• _Stored data_
===

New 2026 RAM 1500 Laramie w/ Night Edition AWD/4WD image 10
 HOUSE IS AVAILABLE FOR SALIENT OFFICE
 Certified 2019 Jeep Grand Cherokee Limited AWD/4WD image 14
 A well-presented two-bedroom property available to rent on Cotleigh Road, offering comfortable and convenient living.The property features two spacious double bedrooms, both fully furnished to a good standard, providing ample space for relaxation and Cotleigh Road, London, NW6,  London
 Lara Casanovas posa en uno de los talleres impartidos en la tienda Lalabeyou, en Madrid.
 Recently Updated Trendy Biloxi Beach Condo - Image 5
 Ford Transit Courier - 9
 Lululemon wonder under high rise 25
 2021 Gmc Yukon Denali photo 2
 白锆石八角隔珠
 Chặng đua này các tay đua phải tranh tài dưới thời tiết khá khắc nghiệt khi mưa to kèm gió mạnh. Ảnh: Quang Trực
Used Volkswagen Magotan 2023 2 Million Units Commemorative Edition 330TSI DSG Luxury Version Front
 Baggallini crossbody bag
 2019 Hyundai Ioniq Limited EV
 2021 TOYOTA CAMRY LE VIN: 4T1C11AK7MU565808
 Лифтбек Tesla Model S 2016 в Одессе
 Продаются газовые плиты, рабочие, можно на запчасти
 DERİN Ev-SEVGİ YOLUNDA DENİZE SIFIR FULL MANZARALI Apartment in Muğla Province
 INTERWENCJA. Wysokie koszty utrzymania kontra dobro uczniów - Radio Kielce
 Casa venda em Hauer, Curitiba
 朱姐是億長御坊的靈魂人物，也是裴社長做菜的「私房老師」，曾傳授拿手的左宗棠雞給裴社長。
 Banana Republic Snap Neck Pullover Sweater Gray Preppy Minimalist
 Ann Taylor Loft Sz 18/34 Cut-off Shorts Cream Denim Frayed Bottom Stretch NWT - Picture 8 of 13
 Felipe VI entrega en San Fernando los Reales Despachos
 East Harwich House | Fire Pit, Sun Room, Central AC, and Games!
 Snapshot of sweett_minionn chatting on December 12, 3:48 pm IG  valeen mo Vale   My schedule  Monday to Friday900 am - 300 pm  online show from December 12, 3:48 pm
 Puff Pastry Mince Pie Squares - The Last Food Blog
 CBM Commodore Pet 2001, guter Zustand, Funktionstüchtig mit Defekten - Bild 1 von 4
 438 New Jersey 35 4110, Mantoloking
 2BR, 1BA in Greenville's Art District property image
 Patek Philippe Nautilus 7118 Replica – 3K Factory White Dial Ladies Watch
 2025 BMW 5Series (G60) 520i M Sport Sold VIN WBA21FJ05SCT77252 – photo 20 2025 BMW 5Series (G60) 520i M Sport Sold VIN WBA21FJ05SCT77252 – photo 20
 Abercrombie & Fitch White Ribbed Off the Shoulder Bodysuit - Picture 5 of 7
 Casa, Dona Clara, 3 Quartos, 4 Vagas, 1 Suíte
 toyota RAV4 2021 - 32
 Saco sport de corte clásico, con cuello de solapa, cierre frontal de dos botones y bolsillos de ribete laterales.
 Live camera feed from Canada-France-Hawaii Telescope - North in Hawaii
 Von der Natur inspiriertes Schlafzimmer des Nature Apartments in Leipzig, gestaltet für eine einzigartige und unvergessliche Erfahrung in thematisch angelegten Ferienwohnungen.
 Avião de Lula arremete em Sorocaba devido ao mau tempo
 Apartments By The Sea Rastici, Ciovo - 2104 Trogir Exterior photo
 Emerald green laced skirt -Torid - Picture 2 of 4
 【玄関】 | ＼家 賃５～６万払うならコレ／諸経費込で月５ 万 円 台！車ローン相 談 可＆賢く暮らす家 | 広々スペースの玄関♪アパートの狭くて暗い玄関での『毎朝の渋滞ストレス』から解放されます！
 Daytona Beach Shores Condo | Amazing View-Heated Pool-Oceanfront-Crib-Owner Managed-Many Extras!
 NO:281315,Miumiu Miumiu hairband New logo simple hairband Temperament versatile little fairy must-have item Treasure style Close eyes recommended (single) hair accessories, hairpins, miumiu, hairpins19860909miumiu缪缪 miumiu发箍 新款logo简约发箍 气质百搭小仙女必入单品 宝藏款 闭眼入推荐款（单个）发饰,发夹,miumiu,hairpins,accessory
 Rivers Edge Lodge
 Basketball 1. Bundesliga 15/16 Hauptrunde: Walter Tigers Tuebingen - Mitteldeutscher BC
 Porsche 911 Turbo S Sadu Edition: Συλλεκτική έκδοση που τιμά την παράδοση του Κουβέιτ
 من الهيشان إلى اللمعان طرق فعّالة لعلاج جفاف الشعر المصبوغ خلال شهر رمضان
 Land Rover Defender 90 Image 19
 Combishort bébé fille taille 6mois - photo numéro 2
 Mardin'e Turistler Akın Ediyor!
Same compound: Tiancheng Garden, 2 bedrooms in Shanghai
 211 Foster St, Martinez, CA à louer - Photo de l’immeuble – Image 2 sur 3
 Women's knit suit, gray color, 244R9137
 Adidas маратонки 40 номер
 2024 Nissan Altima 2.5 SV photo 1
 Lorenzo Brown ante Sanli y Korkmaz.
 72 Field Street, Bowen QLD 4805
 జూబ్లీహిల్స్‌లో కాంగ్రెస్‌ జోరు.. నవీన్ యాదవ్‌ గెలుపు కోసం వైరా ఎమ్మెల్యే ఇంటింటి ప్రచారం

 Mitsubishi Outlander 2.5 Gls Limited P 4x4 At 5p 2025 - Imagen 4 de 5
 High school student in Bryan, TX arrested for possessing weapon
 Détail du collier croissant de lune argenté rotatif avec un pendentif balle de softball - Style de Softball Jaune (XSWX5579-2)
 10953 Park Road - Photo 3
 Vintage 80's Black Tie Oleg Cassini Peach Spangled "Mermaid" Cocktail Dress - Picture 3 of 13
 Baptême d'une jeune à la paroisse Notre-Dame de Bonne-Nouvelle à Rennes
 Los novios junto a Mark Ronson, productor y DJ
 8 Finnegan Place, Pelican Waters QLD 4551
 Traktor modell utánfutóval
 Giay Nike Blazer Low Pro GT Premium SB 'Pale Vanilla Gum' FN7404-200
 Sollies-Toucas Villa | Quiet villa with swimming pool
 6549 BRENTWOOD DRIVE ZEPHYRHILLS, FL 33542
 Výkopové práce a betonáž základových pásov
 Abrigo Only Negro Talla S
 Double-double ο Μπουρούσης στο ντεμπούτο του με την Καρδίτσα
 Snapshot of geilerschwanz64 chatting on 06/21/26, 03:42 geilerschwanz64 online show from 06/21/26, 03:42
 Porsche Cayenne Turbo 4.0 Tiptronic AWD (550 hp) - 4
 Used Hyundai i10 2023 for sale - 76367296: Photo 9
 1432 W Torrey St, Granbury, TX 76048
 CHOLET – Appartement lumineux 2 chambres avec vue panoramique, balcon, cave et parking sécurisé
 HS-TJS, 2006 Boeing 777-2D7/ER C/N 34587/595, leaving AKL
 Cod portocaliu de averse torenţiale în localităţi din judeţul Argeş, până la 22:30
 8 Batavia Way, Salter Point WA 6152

===

• _EXERCISE BRIEF_
Please copy exactly the lines from the first line of the records above through the line containing "Certified 2019 Jeep", including both, and nothing more.

• _ANSWER BOX_
New 2026 RAM 1500 Laramie w/ Night Edition AWD/4WD image 10
 HOUSE IS AVAILABLE FOR SALIENT OFFICE
 Certified 2019 Jeep Grand Cherokee Limited AWD/4WD image 14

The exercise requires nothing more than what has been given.